Je nettoie beaucoup de toilettes et je fais beaucoup de lits. Tellement en fait, que je le fais en mode pilote automatique, ce qui me laisse beaucoup de temps pour mes propres pensées. Personne ne veut être laissé avec mes pensées, pas même moi, alors je me connecte à BBC Sounds ou Spotify et je cherche à me divertir ou à m'améliorer. J'ai cherché plus de « trucs sur la nature » et je suis tombé sur « The Rewild Podcast » de James Shooter. James se met à visiter tous les grands sites de réensauvagement d'Europe. L'Europe, semble-t-il, compte plus de loups et d'ours que l'Amérique du Nord... Je sais, c'est époustouflant ! Ce que l'Amérique a, c'est du marketing et l'exclusion des humains de ses parcs les plus connus comme Yellowstone et Yosemite, donc cela ressemble plus à une « nature sauvage ». J'ai écouté chaque épisode avec impatience et j'ai continué à être étonné de ce qui se passait au niveau du paysage à travers le continent européen. James a visité le projet de réensauvagement de 3 500 acres (1 417 ha) du domaine de Knepp dans le West Sussex au Royaume-Uni. Knepp est un domaine avec un château au milieu, et il était à la une de toute la presse britannique spécialisée dans la conservation. J'en avais entendu parler, bien sûr, mais je n'avais pas vraiment fait le lien avec ce que nous cherchions à réaliser ici.

Ceux qui connaissent Le Moulin de Pensol savent que nous chérissons notre riche biodiversité. Ceux qui nous connaissent bien savent aussi que le Covid a mis à rude épreuve notre nouvelle aventure touristique jusqu'au point de rupture, alors que nous avons investi toutes nos économies juste pour rester à flot. La situation a été sombre.
En 2022, j'ai trouvé du travail comme ouvrier pour apporter des fonds supplémentaires indispensables, mais au printemps 2023, j'ai pu arrêter cela et me concentrer sur notre propre entreprise. J'avais lu que le nombre de visiteurs en France était encore de 20 millions inférieur à celui d'avant la pandémie de Covid-19 en 2019 et que cette année, nous devions joindre les deux bouts. Je suis heureux de dire que ce fut notre meilleure année à ce jour et que nous pourrons peut-être tenir jusqu'au printemps prochain et à la saison suivante. Ainsi, une fois les dernières toilettes de la saison nettoyées et nettoyées, j'ai pu envisager le travail d'automne qui se déroulerait ici, et non chez quelqu'un d'autre.

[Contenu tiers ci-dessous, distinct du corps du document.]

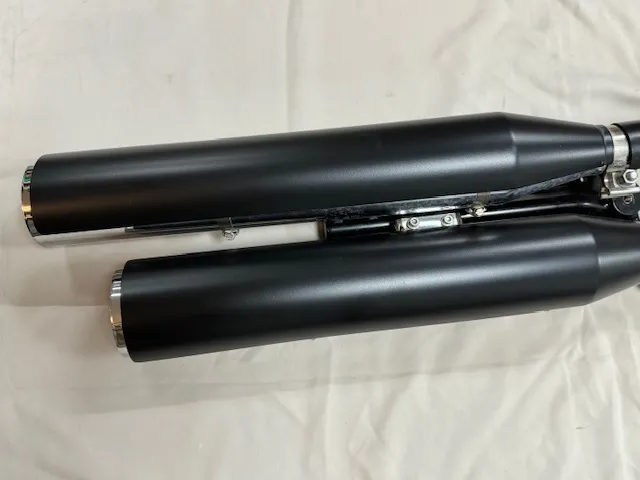 Uitlaatsysteem Harley-Davidson M8 Softail FXBB(S) en FXLRS (2018-2020)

Pendant l'été, nous avons eu un afflux de ces personnes qui avaient répondu à nos annonces dans le magazine britannique Butterfly Conservation en 2019 - oui, trois ans après leur première réservation ! J'emmenais les personnes intéressées faire des visites des lieux et la faune ne m'a jamais laissé tomber. Des chauves-souris dans la grotte, un invité qui a observé 47 espèces de papillons sur notre terrain pendant son séjour de 10 jours en juin, à "ooh regarde, le pic épeiche, la faune est juste à côté de notre gîte !" D'ailleurs, nos espèces de pics comprennent maintenant le pic épeiche, le pic moyen et le pic épeiche, le pic vert et le pic noir. Une maison pleine ! Cependant, moi, d'un autre côté, je remarquais la vitesse effrayante à laquelle les ronces consommaient tout et les rangées de myrtilles étaient toutes éclipsées par de jeunes arbres qui poussaient à côté d'elles. Je ne pouvais presque pas me permettre de retourner aux travaux de construction à l'automne, sinon nous serions submergés par les colonisateurs de la nature et la capitale naturelle du Moulin en souffrirait.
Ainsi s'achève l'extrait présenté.